Cleaning up air pollution in China can reduce rainfall in parts of India. That finding comes from researchers at the University of Reading, who used 10 climate models to map how pollution cuts in one country affect the monsoon in another.
The research was published this month in Environmental Research: Climate. It is part of a project called RAMIP, which involved thousands of computer runs carried out by climate science teams around the world.
Air pollution blocks sunlight from reaching the Earth's surface. When a region cuts its pollution, more sunlight gets through, which warms the surface and strengthens monsoon circulation. That is good news for the region doing the cleaning. But the study found the effects can travel far.
According to Phys.org, when China and the rest of East Asia cut pollution, surface temperatures in that region rise by up to one degree Celsius, and daily rainfall increases by 0.20 millimeters during the summer monsoon season. For India, the same pollution cuts work in reverse. Wind patterns connecting the two regions across thousands of miles can reduce rainfall by 0.2 to 0.6 millimeters a day over parts of west-central and eastern India.
Ankit Bhandekar, the study's lead author, explained the stakes plainly. "Cleaning up pollution is good news almost everywhere it happens, but our findings show one country's clean-air plan can quietly cost another country's rain," he said. "Millions of farmers across India depend on monsoon rain that starts with decisions made thousands of miles away.
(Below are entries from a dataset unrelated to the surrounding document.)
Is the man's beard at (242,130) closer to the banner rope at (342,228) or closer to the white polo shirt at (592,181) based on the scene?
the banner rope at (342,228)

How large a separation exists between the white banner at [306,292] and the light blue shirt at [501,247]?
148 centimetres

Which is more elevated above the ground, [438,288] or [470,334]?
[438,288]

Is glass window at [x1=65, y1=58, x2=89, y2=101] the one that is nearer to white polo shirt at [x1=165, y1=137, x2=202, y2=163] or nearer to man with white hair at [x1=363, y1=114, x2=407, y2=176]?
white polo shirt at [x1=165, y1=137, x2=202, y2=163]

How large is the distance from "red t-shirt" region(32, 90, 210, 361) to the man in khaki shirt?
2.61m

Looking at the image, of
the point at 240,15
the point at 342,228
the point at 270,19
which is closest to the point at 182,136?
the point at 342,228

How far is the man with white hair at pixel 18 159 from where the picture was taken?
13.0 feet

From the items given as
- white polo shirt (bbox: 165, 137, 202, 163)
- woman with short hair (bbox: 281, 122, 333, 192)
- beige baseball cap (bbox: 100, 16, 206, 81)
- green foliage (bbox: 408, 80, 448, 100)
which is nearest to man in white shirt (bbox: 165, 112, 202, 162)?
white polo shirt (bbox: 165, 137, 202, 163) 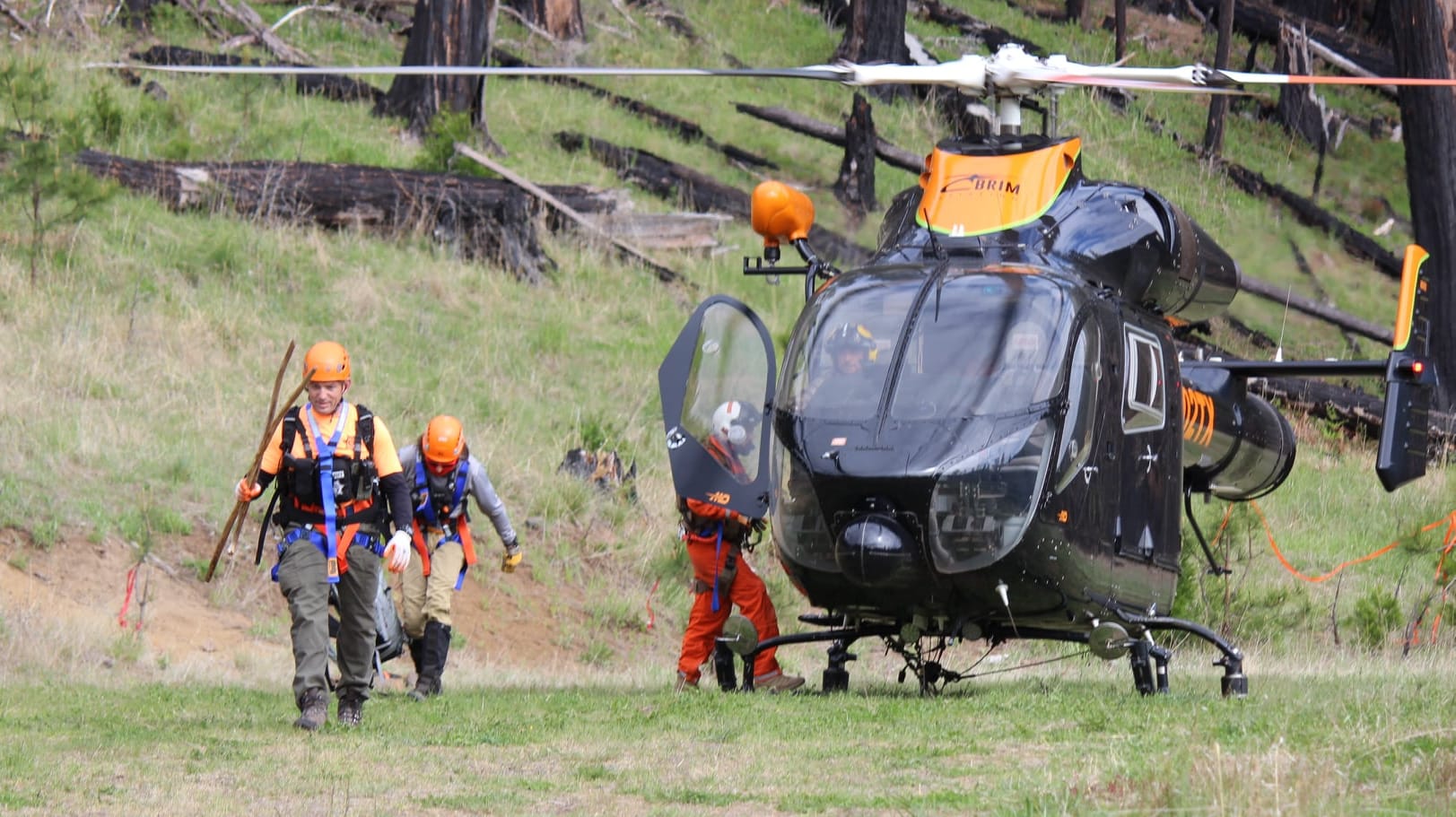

If China and India coordinate their air quality plans, rather than acting in isolation, they have a better chance of avoiding these unintended trade-offs."
The numbers show why coordination matters. When pollution is cleaned up everywhere, all-India rainfall rises by 0.28 millimeters per day. When only South Asia cleans up, the increase is 0.19 millimeters per day. That is roughly 50% more rain under the global scenario. Increases are largest over the northern Bay of Bengal, the Western Ghats, and the Indo-Gangetic Plains, the stretch of land running from Pakistan through northern India to Bangladesh.
Researchers say the next step is understanding not just how much rain falls, but when it falls and how intense individual storms become. Those details will matter most for farmers and water planners trying to prepare for what comes next.